Mahindra reveals five new electric SUVs
Indian carmaker is doing ALL OF THE THINGS based on a brand-new EV platform, with the first on sale by the end of 2024. Enough to be getting on with, then
What you’re looking at... is a drawing, of course. But what it represents is rather larger than that. Five separate electric SUVs – the XUV.e8, XUV.e9, BE.05, BE.07 and BE.09 – all based on a single modular EV platform, with the first on sale in less than 18 months’ time and another two in showrooms a year after that. And we’re tired just writing it all out, let alone doing it.
Underpinning the charge (sorry) is Mahindra’s new ‘Inglo’ EV platform, which offers between 60 and 80kWh of battery capacity, accepts DC supply at up to 175kW and charges to 80 per cent in half an hour. It also offers V2L or ‘vehicle to load’, which is a fairly arcane way of saying you can plug a special dongle into the charging port and run roughly any electrical appliance you choose. In any case, we can already think of about 10 ways we’d use such a feature.
But, as we’ve just realised, listing the battery specs first is akin to talking about a new petrol car and leading with how big its fuel tank is. So we’ll try to avoid such a bizarre double standard in the future and move on the important, Top Gearish bits.
Like the fact that it’s rear-drive by default, with somewhere between 228 and 281bhp on offer, extending to all-wheel drive and 335 to 388bhp should you so choose.
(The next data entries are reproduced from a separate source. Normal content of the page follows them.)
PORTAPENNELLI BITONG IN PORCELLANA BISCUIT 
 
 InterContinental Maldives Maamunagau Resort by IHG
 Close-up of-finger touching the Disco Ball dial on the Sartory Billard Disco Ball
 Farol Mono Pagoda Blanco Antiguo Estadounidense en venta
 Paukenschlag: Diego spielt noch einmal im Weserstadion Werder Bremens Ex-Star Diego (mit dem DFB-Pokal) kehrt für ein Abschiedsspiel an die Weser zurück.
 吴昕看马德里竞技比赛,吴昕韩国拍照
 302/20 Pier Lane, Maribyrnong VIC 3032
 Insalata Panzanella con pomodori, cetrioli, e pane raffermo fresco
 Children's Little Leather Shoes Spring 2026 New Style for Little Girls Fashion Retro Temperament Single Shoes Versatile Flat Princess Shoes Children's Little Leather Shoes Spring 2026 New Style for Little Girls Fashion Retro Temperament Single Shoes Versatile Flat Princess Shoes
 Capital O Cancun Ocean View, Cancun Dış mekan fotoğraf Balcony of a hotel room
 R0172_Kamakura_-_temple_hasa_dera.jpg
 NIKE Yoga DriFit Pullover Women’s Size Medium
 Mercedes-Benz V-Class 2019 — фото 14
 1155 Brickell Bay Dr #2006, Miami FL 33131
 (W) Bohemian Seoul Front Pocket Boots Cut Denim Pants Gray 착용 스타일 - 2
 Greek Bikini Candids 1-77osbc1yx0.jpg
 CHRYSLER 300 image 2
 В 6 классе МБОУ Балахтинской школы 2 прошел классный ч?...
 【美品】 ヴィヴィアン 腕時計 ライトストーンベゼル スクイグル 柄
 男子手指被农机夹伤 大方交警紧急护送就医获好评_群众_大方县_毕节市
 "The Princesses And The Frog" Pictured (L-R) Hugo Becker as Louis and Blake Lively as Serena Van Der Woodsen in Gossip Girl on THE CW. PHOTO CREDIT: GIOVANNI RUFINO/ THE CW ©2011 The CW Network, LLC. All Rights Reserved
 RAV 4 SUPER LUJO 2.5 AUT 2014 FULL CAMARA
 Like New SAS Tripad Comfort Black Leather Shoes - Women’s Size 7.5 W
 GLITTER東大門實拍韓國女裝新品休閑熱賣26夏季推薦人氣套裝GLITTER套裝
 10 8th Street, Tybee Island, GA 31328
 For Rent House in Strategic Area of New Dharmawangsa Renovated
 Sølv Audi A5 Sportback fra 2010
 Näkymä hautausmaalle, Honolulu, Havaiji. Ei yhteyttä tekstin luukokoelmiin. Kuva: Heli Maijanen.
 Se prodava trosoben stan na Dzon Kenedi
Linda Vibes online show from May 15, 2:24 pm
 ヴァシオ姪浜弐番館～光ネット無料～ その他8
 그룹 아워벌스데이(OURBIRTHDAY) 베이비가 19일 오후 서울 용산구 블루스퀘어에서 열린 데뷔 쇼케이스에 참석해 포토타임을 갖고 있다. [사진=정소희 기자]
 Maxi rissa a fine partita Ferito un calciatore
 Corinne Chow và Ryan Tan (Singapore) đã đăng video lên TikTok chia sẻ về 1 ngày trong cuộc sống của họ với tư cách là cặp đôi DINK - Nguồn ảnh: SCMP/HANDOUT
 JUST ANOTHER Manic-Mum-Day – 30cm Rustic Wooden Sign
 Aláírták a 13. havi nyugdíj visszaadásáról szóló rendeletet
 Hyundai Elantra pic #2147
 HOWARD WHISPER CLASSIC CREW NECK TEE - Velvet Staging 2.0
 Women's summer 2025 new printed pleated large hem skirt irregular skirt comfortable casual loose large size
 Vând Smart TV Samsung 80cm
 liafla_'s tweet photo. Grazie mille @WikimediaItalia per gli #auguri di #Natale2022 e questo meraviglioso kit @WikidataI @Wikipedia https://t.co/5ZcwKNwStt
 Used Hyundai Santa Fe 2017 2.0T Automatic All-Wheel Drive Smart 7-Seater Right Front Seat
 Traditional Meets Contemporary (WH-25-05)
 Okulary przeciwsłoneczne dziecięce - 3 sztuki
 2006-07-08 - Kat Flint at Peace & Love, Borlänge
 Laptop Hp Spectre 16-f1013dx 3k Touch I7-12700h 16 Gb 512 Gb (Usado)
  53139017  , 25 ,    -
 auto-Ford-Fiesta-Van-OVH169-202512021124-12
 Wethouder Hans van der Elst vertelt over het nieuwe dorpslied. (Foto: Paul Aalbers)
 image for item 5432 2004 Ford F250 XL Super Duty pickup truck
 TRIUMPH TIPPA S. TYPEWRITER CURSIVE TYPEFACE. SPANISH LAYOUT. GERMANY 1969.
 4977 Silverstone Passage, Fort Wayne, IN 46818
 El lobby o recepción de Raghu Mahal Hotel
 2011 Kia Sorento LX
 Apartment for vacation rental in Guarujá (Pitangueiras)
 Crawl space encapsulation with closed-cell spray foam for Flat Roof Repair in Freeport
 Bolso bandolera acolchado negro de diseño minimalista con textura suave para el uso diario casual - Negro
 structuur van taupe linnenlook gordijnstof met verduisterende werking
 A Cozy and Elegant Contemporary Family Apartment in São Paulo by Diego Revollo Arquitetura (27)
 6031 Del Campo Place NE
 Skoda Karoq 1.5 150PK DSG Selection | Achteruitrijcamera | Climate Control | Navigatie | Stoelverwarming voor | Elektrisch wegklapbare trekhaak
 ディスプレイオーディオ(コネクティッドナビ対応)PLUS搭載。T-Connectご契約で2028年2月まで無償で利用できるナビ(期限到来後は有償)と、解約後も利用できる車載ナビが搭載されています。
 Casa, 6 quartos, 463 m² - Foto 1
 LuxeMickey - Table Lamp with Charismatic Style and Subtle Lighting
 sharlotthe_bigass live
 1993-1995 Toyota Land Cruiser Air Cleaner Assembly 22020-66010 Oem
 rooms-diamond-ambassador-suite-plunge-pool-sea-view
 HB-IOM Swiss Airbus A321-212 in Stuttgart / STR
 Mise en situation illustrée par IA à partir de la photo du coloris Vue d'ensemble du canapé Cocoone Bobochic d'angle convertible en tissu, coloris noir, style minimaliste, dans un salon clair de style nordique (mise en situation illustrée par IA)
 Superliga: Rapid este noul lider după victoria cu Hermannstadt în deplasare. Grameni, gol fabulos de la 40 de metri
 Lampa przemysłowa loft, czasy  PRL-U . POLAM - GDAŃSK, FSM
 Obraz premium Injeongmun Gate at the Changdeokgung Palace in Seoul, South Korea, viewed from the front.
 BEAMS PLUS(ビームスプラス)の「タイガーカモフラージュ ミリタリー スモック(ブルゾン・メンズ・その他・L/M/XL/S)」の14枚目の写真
Arithmetic then dictates that the front motor is rated to 107bhp... which, if we’ve done our maths even close to accurately, is about a 68:32 rear-biased torque split on the lower-powered AWD model and getting on for a 79:21 ratio for the top-spec cars.
Which feels uncannily spot-on for some heroic powerslides somewhere in the Himalayas. And just in case you wanted to invite anyone to test that theory out, Mahindra, you know where to find us. It’d also likely be a fair test of the Inglo platform’s semi-active suspension and brake by wire tech... but hopefully not the five-star global NCAP rating it’s designed to meet.
But, Mahindra, in case you were wondering which car is best for such a Top Gear test, we’d immediately suggest the BE.05, given its ‘Angry Polestar meets Extreme E’ vibe, and the fact you’ve called it a Sports Electric Vehicle.
And yes, self-applied appellations mean about as much as that kid at school who insisted his nickname was ‘Party Animal’, but it’s a statement of intent if nothing else. Rather like launching five new EVs in the space of a few years, you could say.